» **Exercise**
Copy each line of the records exactly, stopping only after the line that contains "#89 Waltteri Merela Blue Jersey - 2023-24" has been written, and leave pictures out.

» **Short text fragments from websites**
== Segment start ==

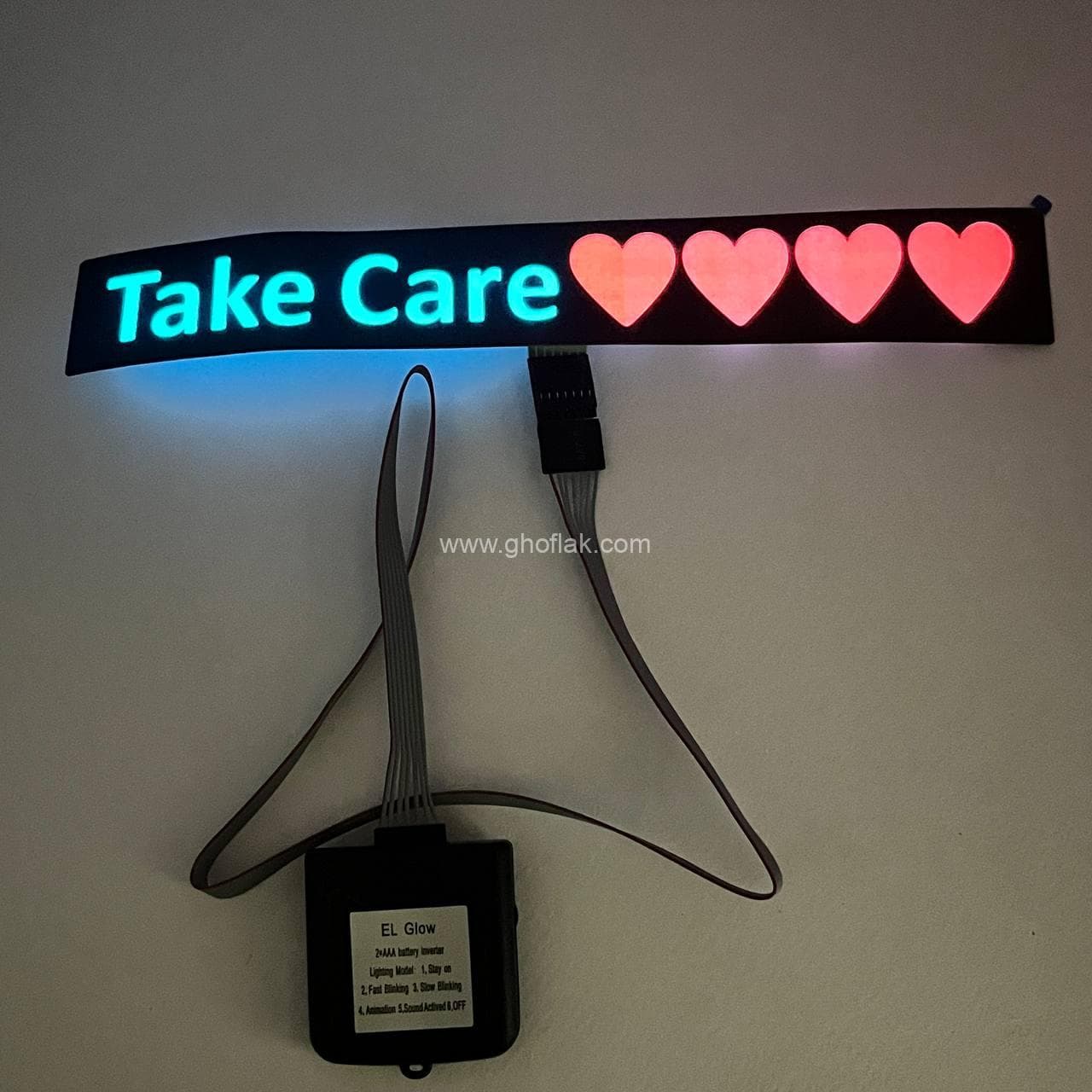 اکولایزر طرح Take Care — تصویر ۵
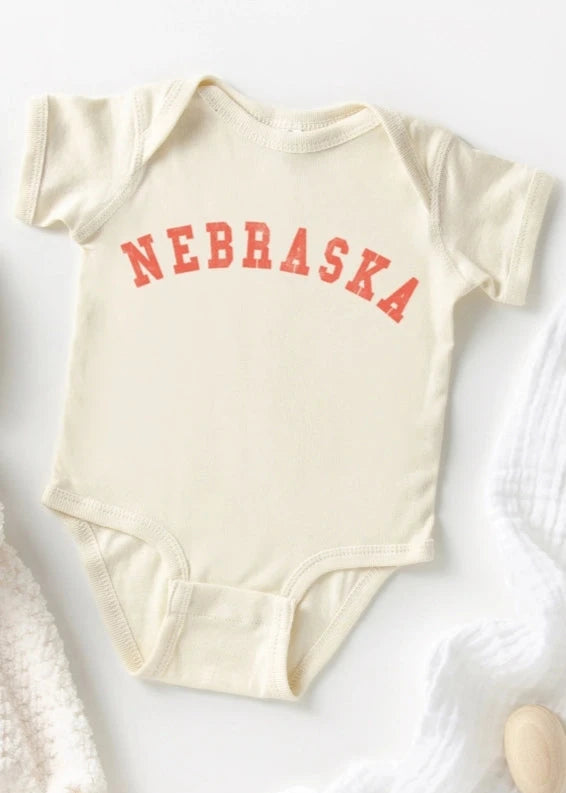 Nebraska Baby Onesie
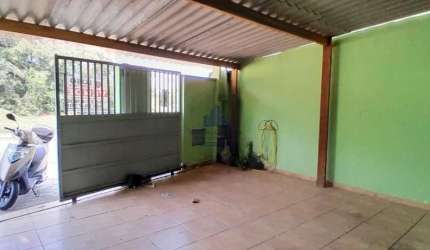 Imperdível oportunidade de adquirir uma bela casa na Morada dos Nobres, Taubaté-SP! 2 quartos, sala, banheiro, 2 vagas - confira!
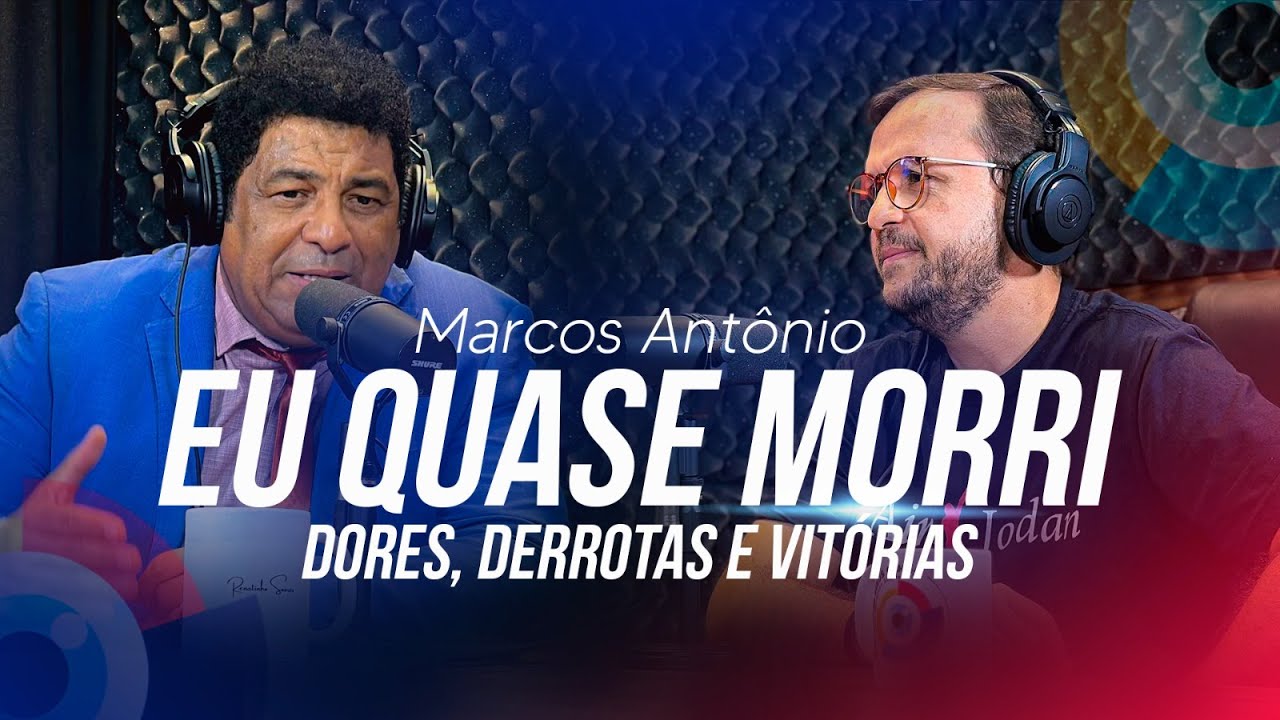 MARCOS ANTÔNIO | OLHE NOS MEUS OLHOS COM RENATINHO SOARES #004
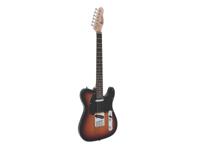 DIMAVERY TL-401 Electric Guitar, sunburst - thumbnail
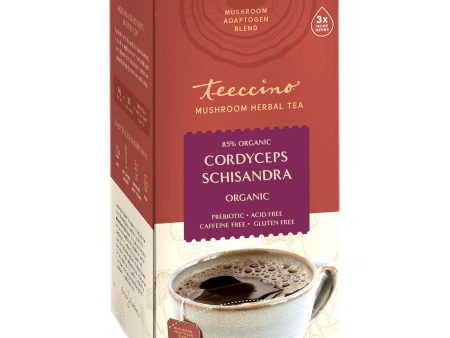 Cordyceps Schisandra Cinnamon Berry Mushroom Herbal Tea Online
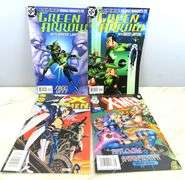 Lot of 4 X-Men & Green Lantern Comic Books
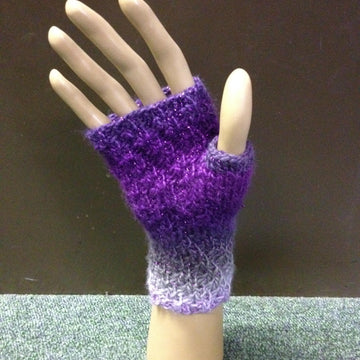 Whirly Fingerless Glove
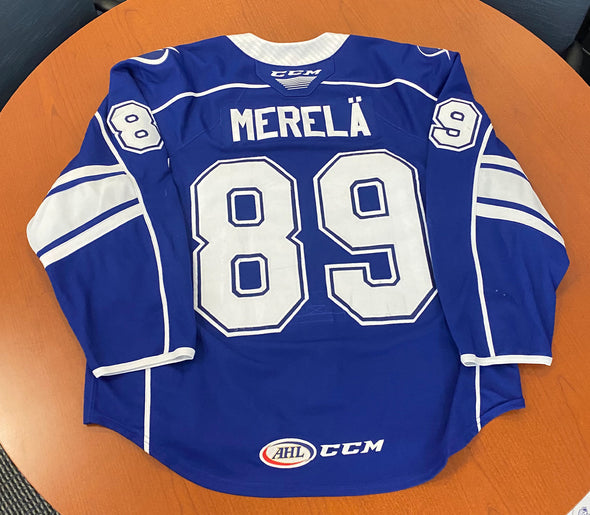 #89 Waltteri Merela Blue Jersey - 2023-24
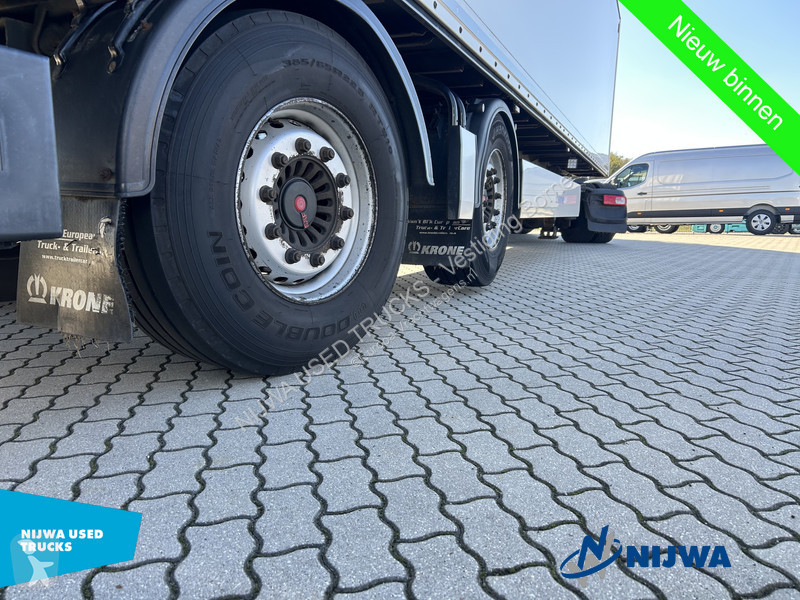 Krone N/A Laadklep 2000KG + Bindrails semi-trailer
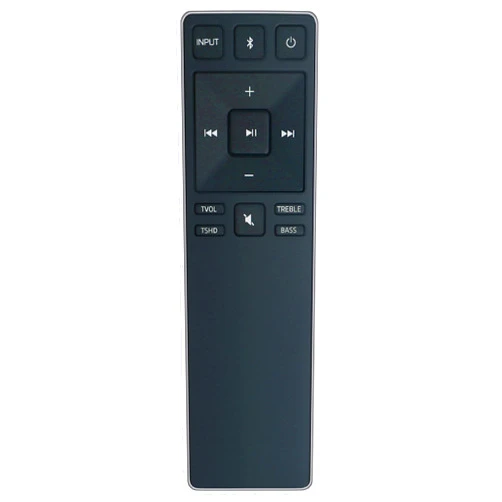 VINABTY New Replace Remote Control XRS321-C fit for VIZIO Sound Bar SB3820-C6 SB3821-C6 SB2920-C6 SS2521-C6 SS2520-C6 SB3821-D6 SB3820x-C6 (Black)
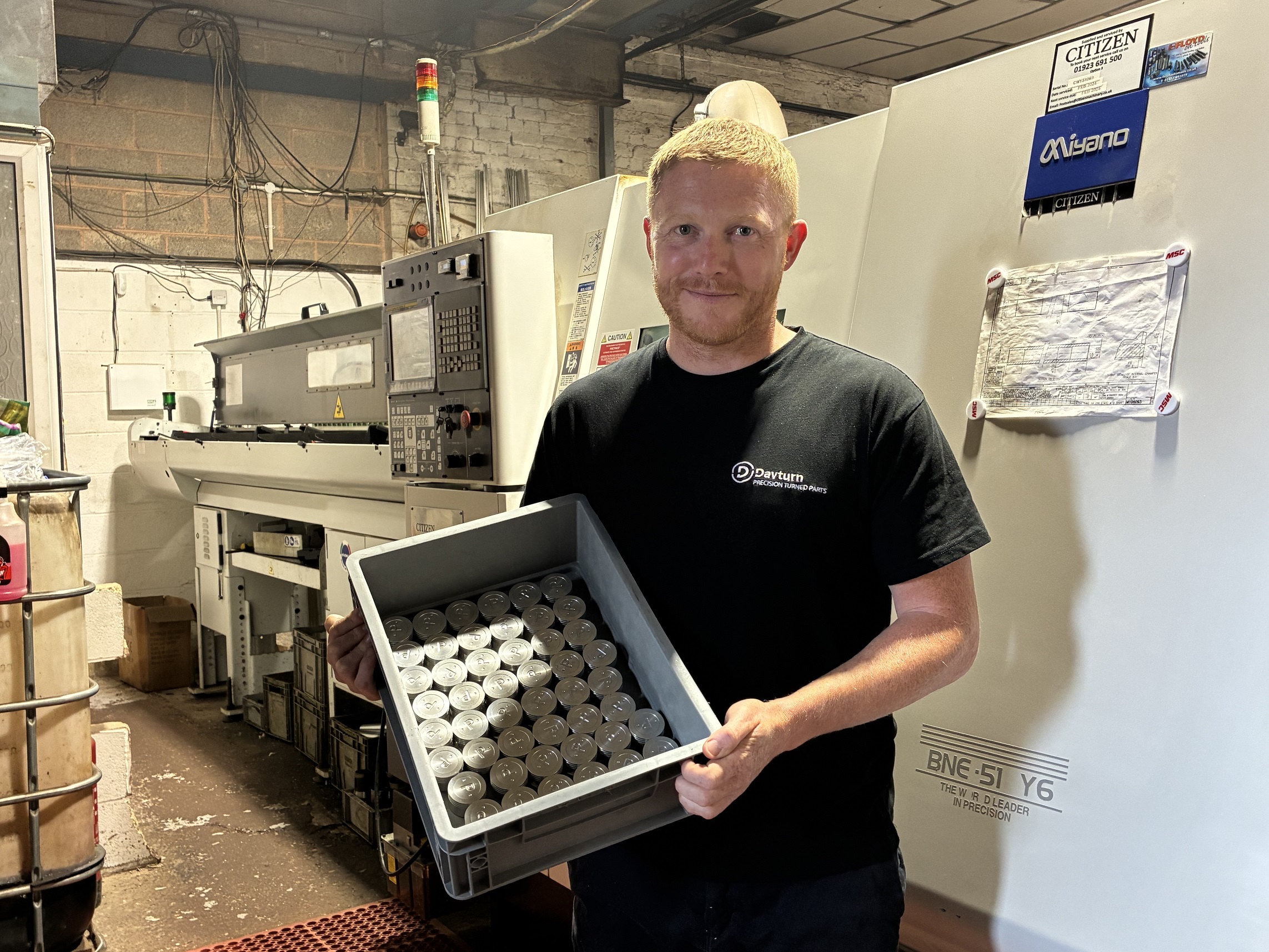 Director at Davturn Precision Turned Parts Ltd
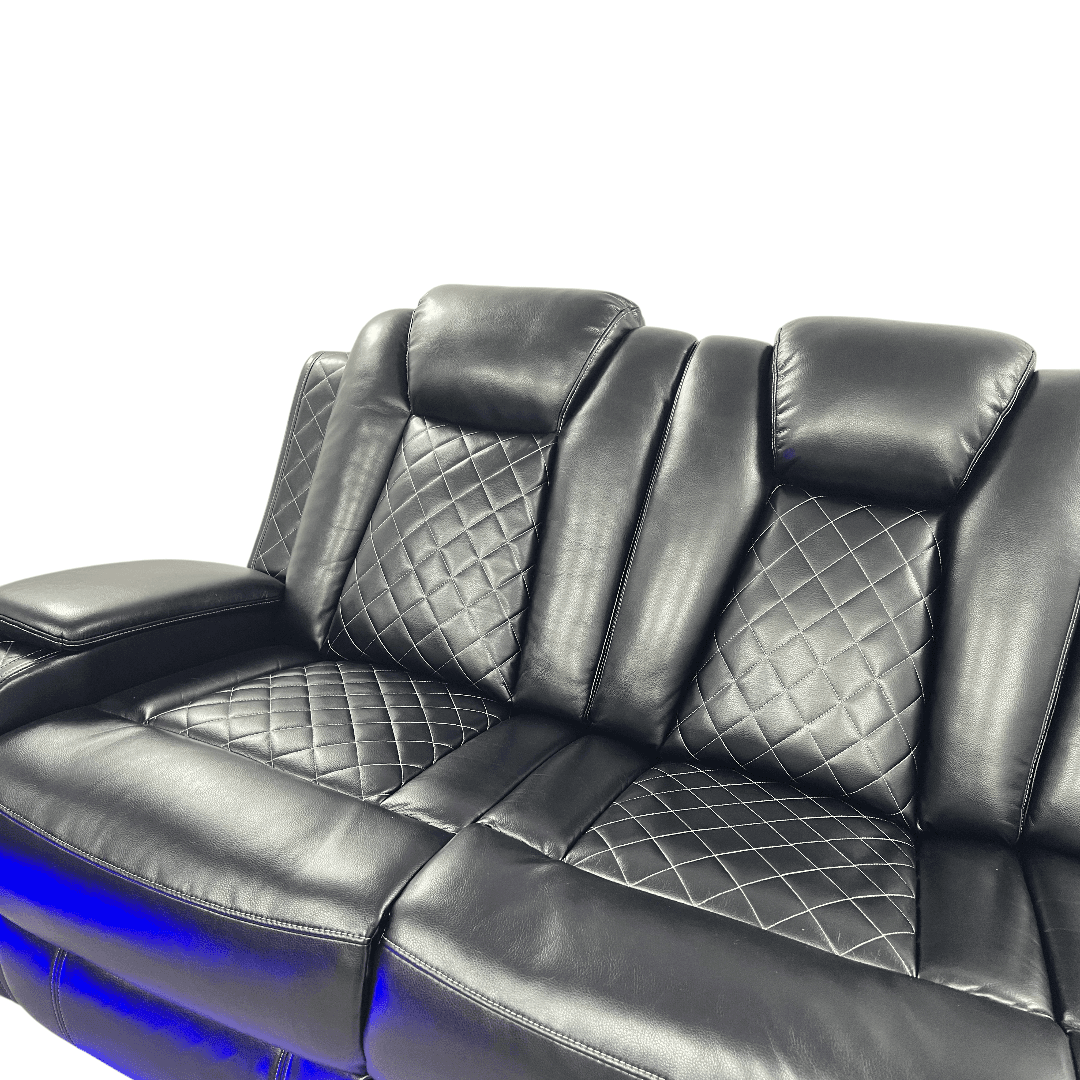 Wrought Studio 2 - Piece Breathing Leather Power Reclining Living Room Set - Thumbnail 23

== Segment end ==

» **Answer section**
 اکولایزر طرح Take Care — تصویر ۵
 Nebraska Baby Onesie
 Imperdível oportunidade de adquirir uma bela casa na Morada dos Nobres, Taubaté-SP! 2 quartos, sala, banheiro, 2 vagas - confira!
 MARCOS ANTÔNIO | OLHE NOS MEUS OLHOS COM RENATINHO SOARES #004
 DIMAVERY TL-401 Electric Guitar, sunburst - thumbnail
 Cordyceps Schisandra Cinnamon Berry Mushroom Herbal Tea Online
 Lot of 4 X-Men & Green Lantern Comic Books
 Whirly Fingerless Glove
 #89 Waltteri Merela Blue Jersey - 2023-24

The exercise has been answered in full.